Information supplied:
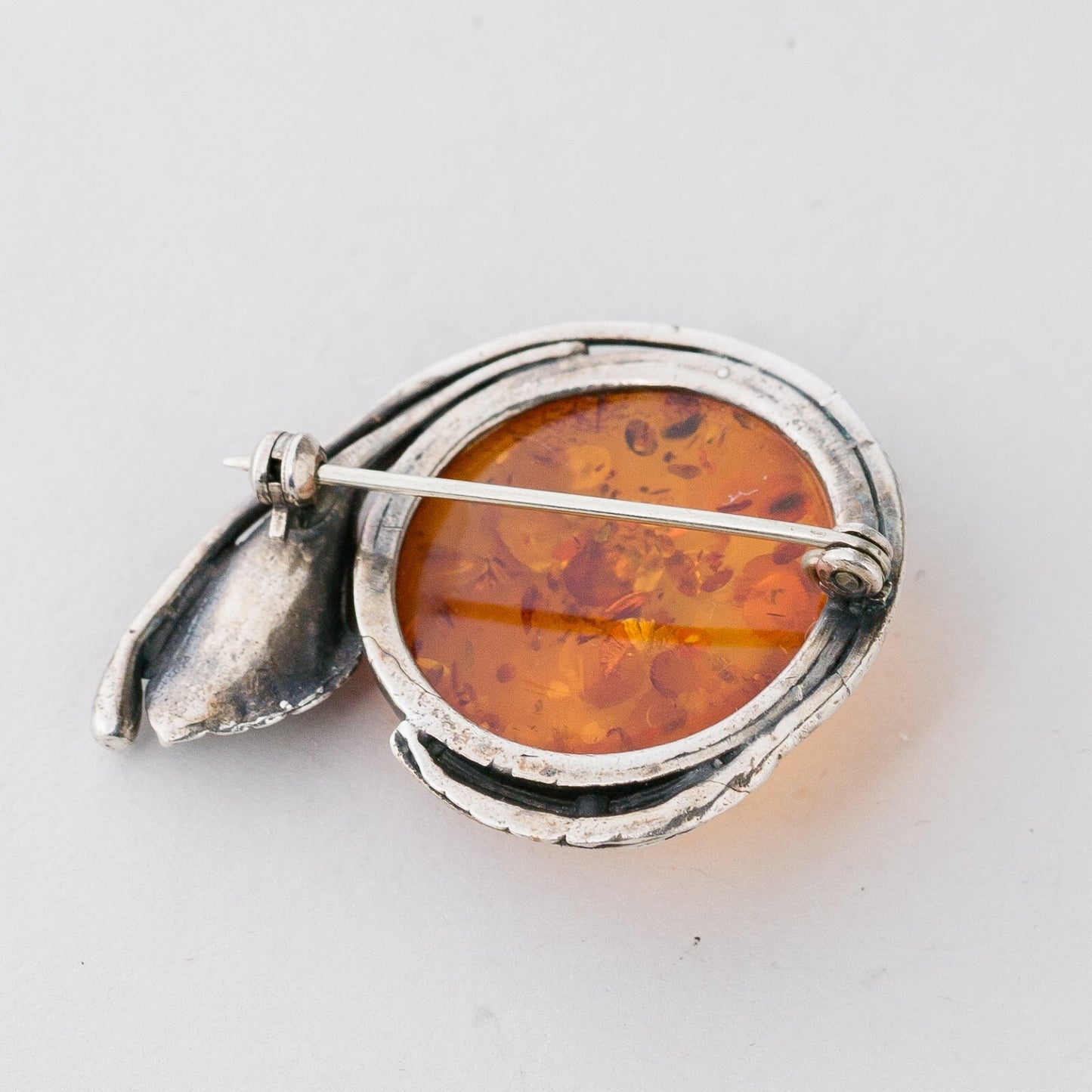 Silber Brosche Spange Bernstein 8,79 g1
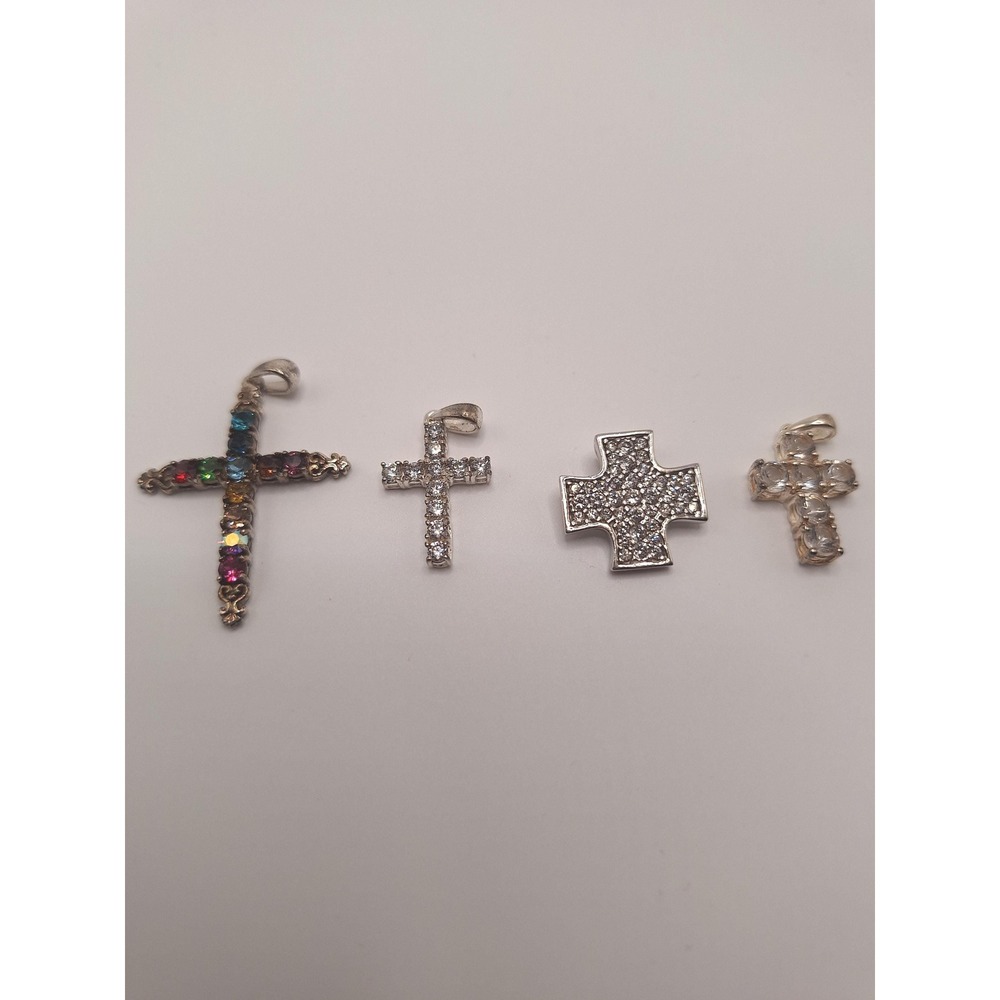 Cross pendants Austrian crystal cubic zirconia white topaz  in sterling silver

==

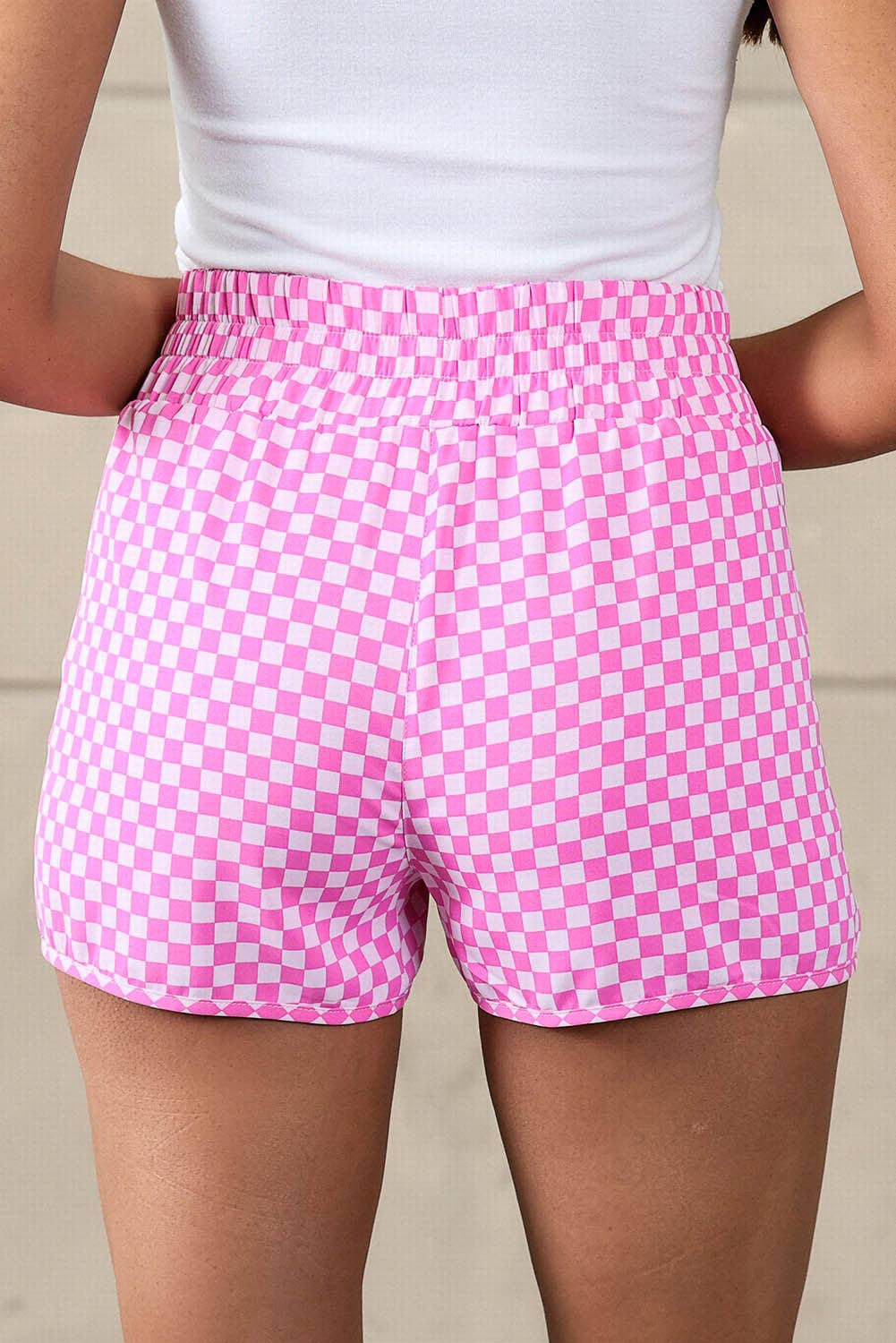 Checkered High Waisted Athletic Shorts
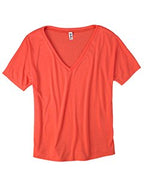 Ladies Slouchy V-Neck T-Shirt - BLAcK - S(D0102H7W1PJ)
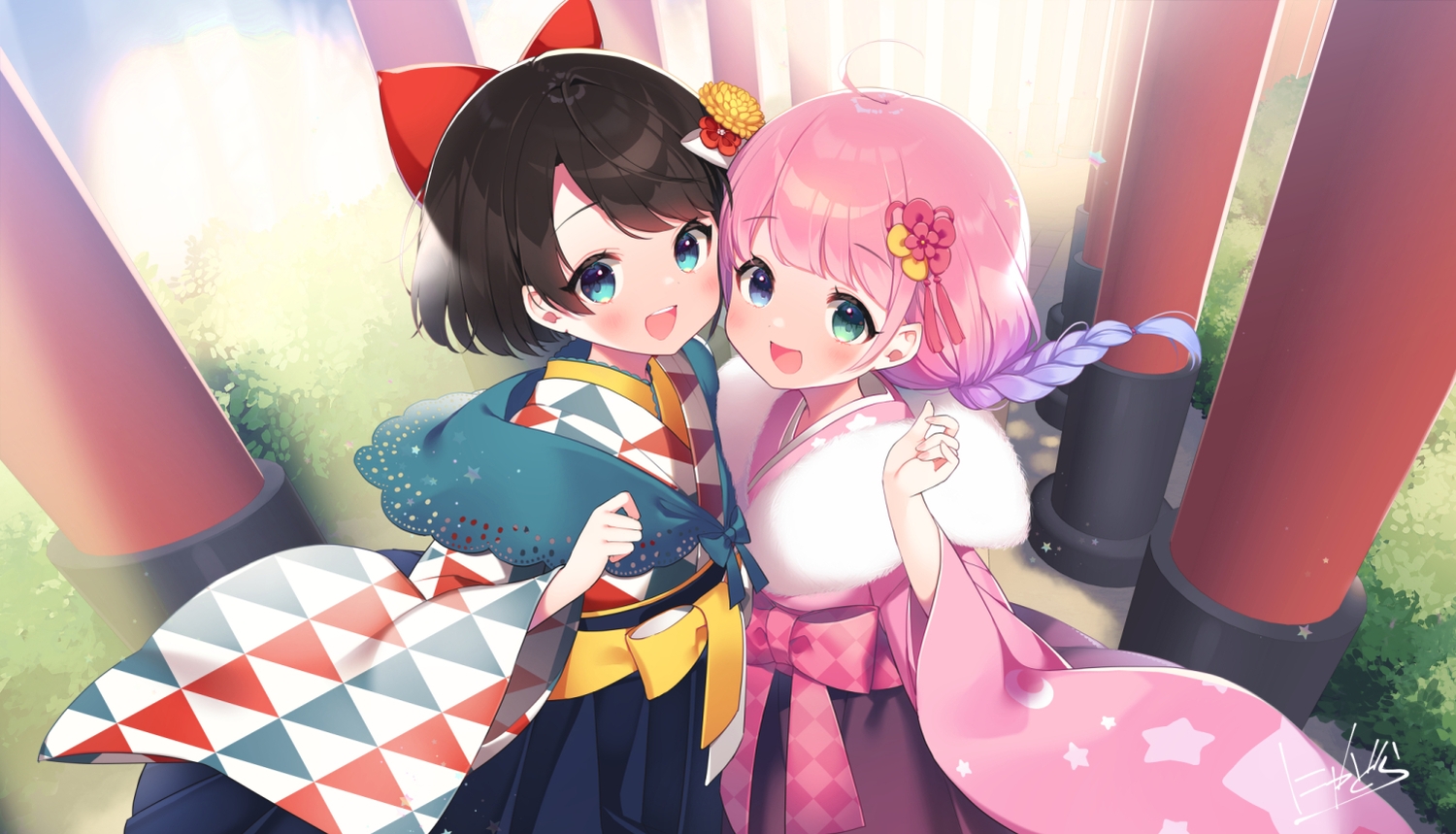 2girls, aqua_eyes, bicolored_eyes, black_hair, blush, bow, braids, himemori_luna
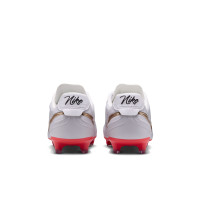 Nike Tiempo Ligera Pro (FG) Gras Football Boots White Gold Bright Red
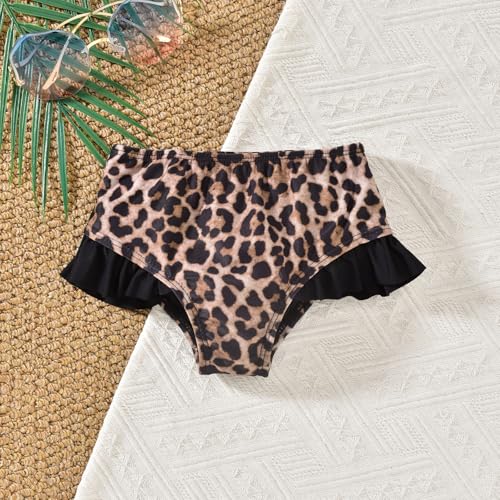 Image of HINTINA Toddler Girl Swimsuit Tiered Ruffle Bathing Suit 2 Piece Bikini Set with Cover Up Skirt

What you have to do:
Return word for word the lines of the listing above, starting at the line with "bow, braids, himemori_luna" and ending at the line with "Image of HINTINA", both included. Pictures do not belong in the copy.

Answer:
 2girls, aqua_eyes, bicolored_eyes, black_hair, blush, bow, braids, himemori_luna
 Nike Tiempo Ligera Pro (FG) Gras Football Boots White Gold Bright Red
 Image of HINTINA Toddler Girl Swimsuit Tiered Ruffle Bathing Suit 2 Piece Bikini Set with Cover Up Skirt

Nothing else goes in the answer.